Levin: Academia Embrace of Antisemitism the ‘Abandonment of the Jews’

During his Sunday show’s open, Fox News Channel’s “Life, Liberty & Levin” host Mark Levin hammered higher education and the media for its apparent support of antisemitic voices on its campuses.

Levin called it the “abandonment of the Jews.”

Partial transcript as follows:

LEVIN: I do a lot of research for this show as you well know. I don’t want you to waste your time. I don’t want you to waste your hour. There’s other things you can do. I’m well aware of that. And so when you come here, I want to make sure that I provide you with some information that you can take away.
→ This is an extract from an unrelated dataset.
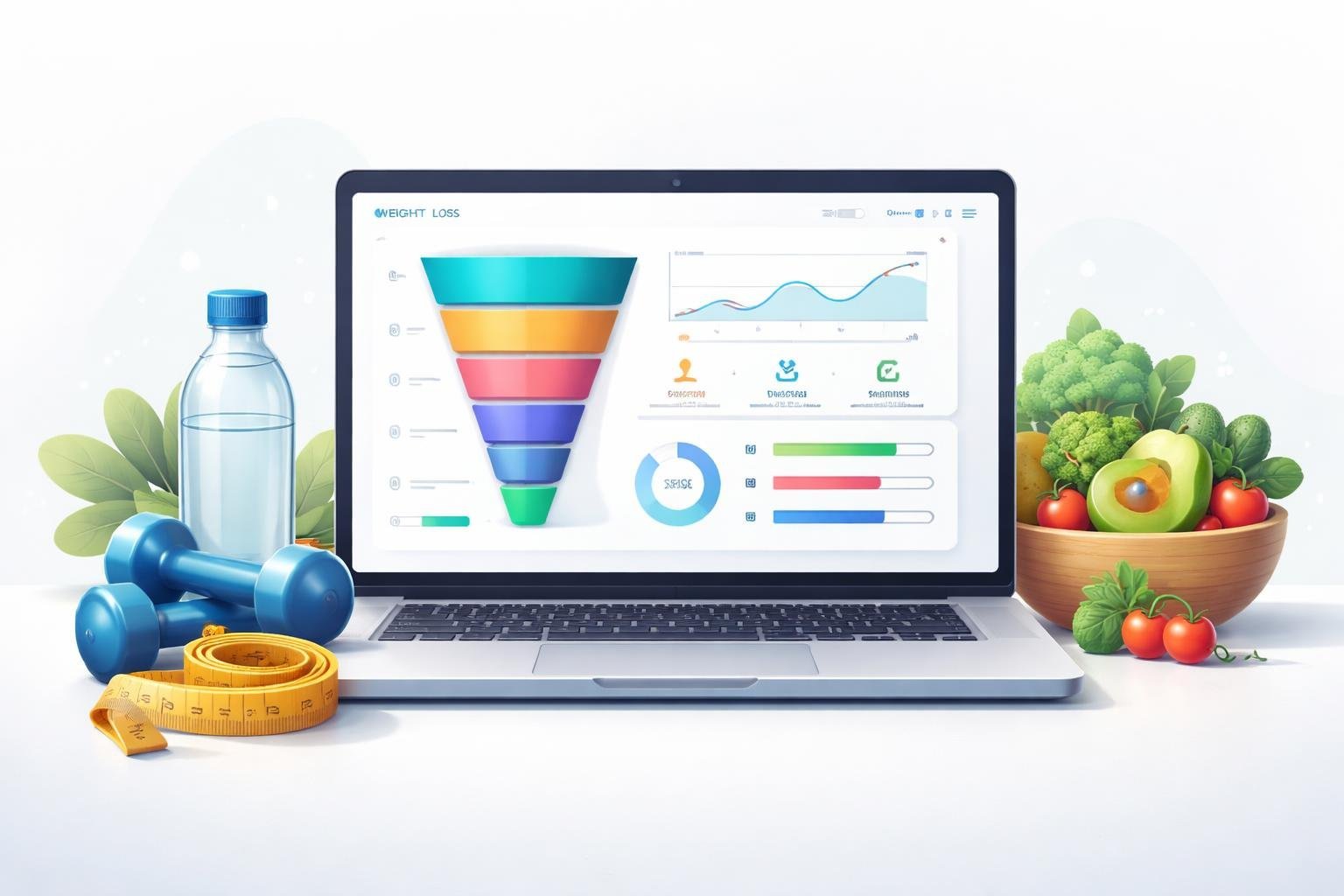 A computer screen showing a sales funnel surrounded by weight loss items like a measuring tape, dumbbells, and healthy food.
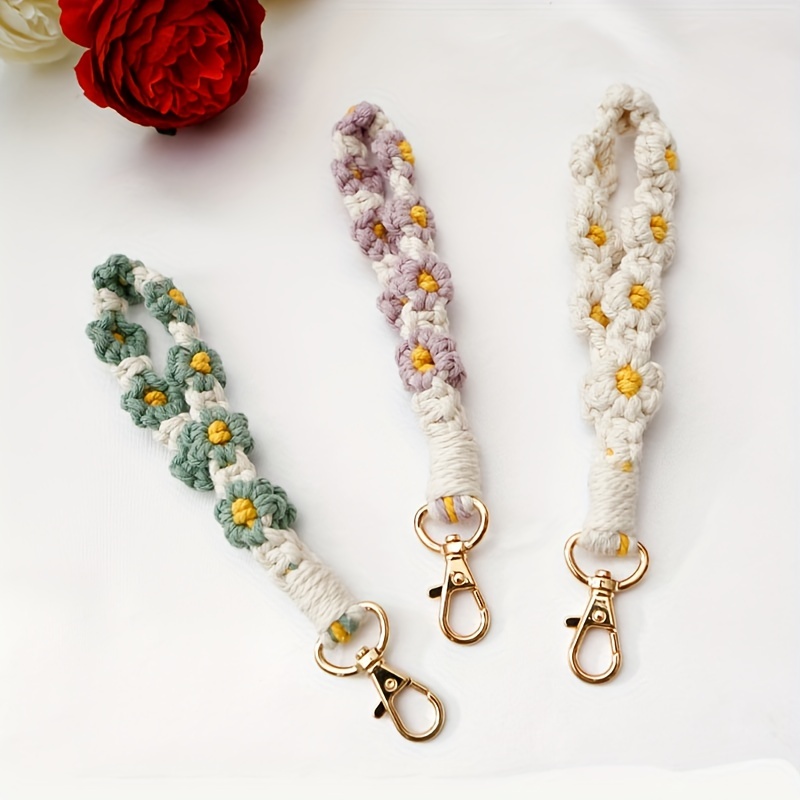 

Boho Daisy Crochet Flower Bracelet Keychain Cute Weaving Purse Bag Backpack Car Key Charm Earbud Case Accessory Phone Lanyard Women Gift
I’ve read two books that I want to bring to your attention that hits this subject. Professor Stephen Norwood wrote a book, “The Third Reich in the Ivory Tower: Complicity and Conflict on American Campuses.” Bradley Hart wrote a book: “Hitler’s American Friends: The Third Reich Supporters in the United States.”
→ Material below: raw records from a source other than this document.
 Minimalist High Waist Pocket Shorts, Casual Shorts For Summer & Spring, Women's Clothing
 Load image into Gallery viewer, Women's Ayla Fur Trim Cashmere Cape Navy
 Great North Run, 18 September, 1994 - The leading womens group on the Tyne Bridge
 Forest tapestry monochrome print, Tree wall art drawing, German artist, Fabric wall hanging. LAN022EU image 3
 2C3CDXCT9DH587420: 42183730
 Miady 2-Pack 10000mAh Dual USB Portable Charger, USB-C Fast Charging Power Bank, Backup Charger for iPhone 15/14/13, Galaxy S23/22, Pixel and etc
I want you to listen to some of this is very important. Obviously, I can’t read all the books and many of you are not going to get the books, but let me give you a taste of what’s in here in this chapter called “The Students” in “Hitler’s American Friends.”

It says in part: American universities did little to curtail the influence of pro-German speakers on campus. Throughout the decade, German exchange students, some of whom were Nazi Party members, and were likely operating as propaganda agents and other speakers were given mostly unchallenged platforms on university campuses.
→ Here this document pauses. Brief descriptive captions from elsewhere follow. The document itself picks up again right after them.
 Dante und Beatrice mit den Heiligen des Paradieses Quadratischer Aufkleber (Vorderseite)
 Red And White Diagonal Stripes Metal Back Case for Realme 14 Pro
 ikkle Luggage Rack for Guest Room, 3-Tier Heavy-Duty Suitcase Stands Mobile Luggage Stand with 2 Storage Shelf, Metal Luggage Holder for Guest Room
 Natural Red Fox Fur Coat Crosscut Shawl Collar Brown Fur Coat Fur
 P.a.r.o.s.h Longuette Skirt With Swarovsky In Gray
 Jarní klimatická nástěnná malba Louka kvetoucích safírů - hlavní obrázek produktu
American universities therefore offered the German government a remarkable level of establishment legitimacy in the United States. Even after the violently antisemitic nature of the regime had become clear, just as Hitler’s corporate friends had shown little reluctance doing business with the Reich, his friends in academia maintained their own relationships with the Reich.

Both the Nazis and U.S. government were aware of the propaganda potential provided by American universities. testifying before the Dies Committee, John C. Metcalf argued that the German government had a particular interest in American students. The purpose of the exchange students to universities has long been to foster goodwill and peace among the nations. The result is greater understanding, he testified.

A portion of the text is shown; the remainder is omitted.